**Task prompt:** Return the lines from the start of the data through the line with "Glacier Country Wood". Include both of those lines and no others.

**Information shown:**
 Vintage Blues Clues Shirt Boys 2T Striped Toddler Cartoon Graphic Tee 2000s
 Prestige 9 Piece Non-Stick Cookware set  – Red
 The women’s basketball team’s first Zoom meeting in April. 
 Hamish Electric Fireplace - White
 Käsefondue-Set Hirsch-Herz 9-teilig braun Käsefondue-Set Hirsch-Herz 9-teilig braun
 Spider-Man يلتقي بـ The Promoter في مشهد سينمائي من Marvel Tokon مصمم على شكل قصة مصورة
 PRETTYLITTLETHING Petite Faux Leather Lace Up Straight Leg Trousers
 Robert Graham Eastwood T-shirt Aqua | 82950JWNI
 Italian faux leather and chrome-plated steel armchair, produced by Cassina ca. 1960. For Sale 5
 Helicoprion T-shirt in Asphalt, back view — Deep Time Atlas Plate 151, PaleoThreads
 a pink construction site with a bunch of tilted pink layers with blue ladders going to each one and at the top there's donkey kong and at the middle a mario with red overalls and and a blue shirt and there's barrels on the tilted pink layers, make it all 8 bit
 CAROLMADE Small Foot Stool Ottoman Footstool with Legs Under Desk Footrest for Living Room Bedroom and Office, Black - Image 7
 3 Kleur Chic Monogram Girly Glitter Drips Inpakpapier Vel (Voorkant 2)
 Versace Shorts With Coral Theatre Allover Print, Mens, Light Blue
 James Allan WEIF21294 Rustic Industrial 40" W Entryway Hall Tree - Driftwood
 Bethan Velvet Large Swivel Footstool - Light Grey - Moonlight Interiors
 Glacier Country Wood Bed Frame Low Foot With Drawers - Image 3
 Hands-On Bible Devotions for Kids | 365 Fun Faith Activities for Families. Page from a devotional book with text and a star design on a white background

**Exercise response:**
 Vintage Blues Clues Shirt Boys 2T Striped Toddler Cartoon Graphic Tee 2000s
 Prestige 9 Piece Non-Stick Cookware set  – Red
 The women’s basketball team’s first Zoom meeting in April. 
 Hamish Electric Fireplace - White
 Käsefondue-Set Hirsch-Herz 9-teilig braun Käsefondue-Set Hirsch-Herz 9-teilig braun
 Spider-Man يلتقي بـ The Promoter في مشهد سينمائي من Marvel Tokon مصمم على شكل قصة مصورة
 PRETTYLITTLETHING Petite Faux Leather Lace Up Straight Leg Trousers
 Robert Graham Eastwood T-shirt Aqua | 82950JWNI
 Italian faux leather and chrome-plated steel armchair, produced by Cassina ca. 1960. For Sale 5
 Helicoprion T-shirt in Asphalt, back view — Deep Time Atlas Plate 151, PaleoThreads
 a pink construction site with a bunch of tilted pink layers with blue ladders going to each one and at the top there's donkey kong and at the middle a mario with red overalls and and a blue shirt and there's barrels on the tilted pink layers, make it all 8 bit
 CAROLMADE Small Foot Stool Ottoman Footstool with Legs Under Desk Footrest for Living Room Bedroom and Office, Black - Image 7
 3 Kleur Chic Monogram Girly Glitter Drips Inpakpapier Vel (Voorkant 2)
 Versace Shorts With Coral Theatre Allover Print, Mens, Light Blue
 James Allan WEIF21294 Rustic Industrial 40" W Entryway Hall Tree - Driftwood
 Bethan Velvet Large Swivel Footstool - Light Grey - Moonlight Interiors
 Glacier Country Wood Bed Frame Low Foot With Drawers - Image 3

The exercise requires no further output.